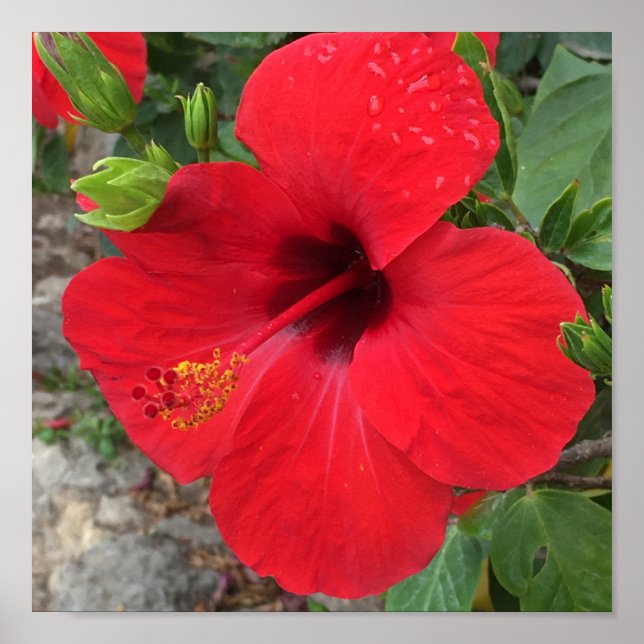 Red Hibiscus Flower Park Güell Barcelona Poster (Framsidan)
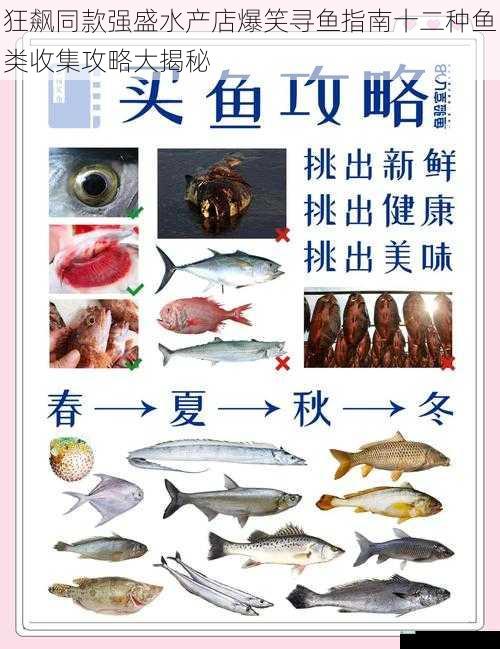 狂飙同款强盛水产店爆笑寻鱼指南十二种鱼类收集攻略大揭秘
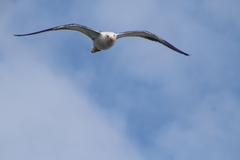 Larus pacificus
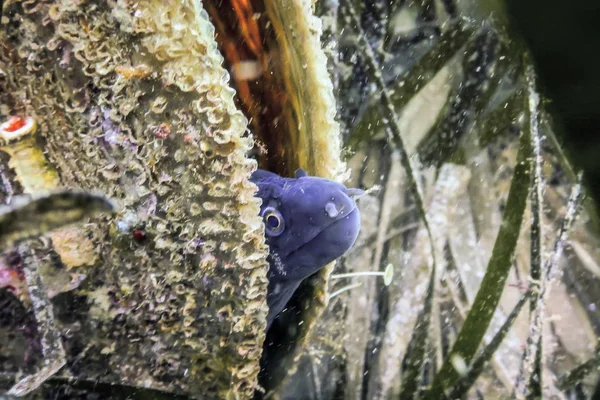 Mediterranean Moray (Muraena helena) Saint Helena Moray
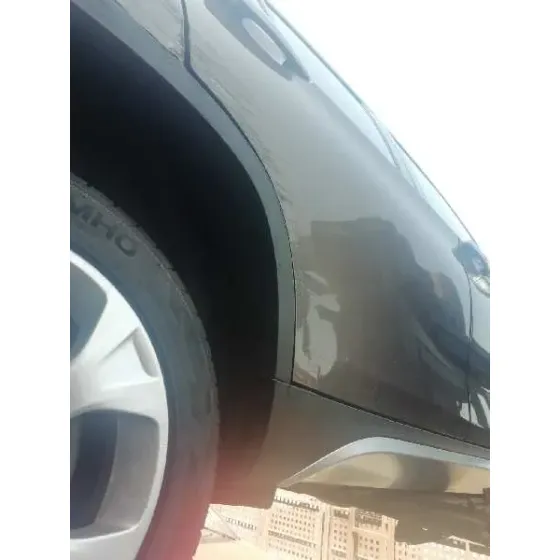 Puerta Trasera Derecha para Bmw X1 (E84)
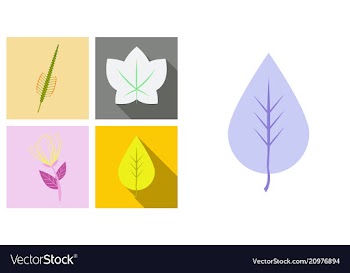 Set of treesleaves and flowers in flat concepts vector image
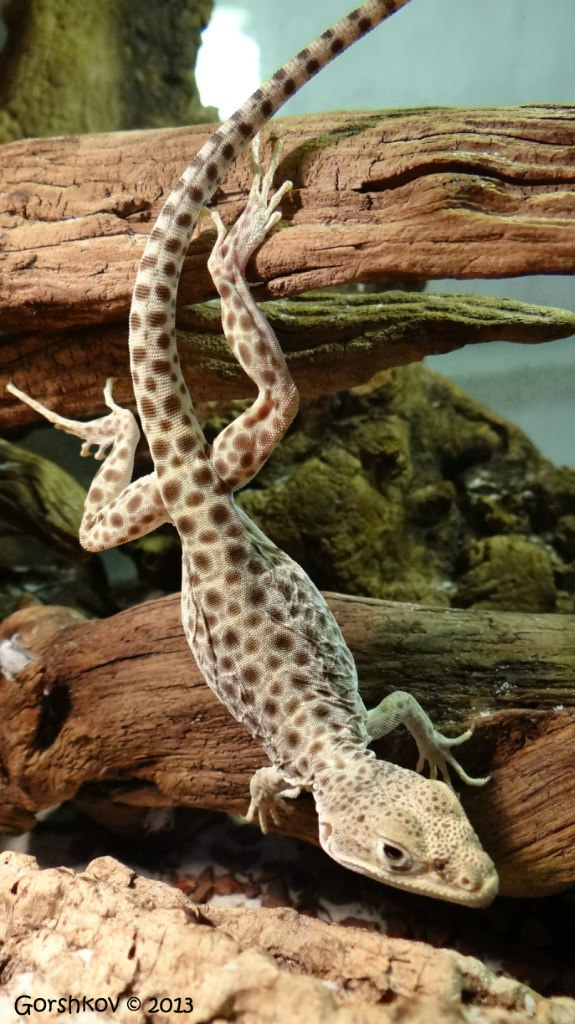 Никита Горшков <Мышэтош> | Киев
::::
* **YOUR OBJECTIVE**:
All of the data is to be reproduced exactly, with the pictures left out.

* **SOLVED PROBLEM**:
 Red Hibiscus Flower Park Güell Barcelona Poster (Framsidan)
 狂飙同款强盛水产店爆笑寻鱼指南十二种鱼类收集攻略大揭秘
 Larus pacificus
 Mediterranean Moray (Muraena helena) Saint Helena Moray
 Puerta Trasera Derecha para Bmw X1 (E84)
 Set of treesleaves and flowers in flat concepts vector image
 Никита Горшков <Мышэтош> | Киев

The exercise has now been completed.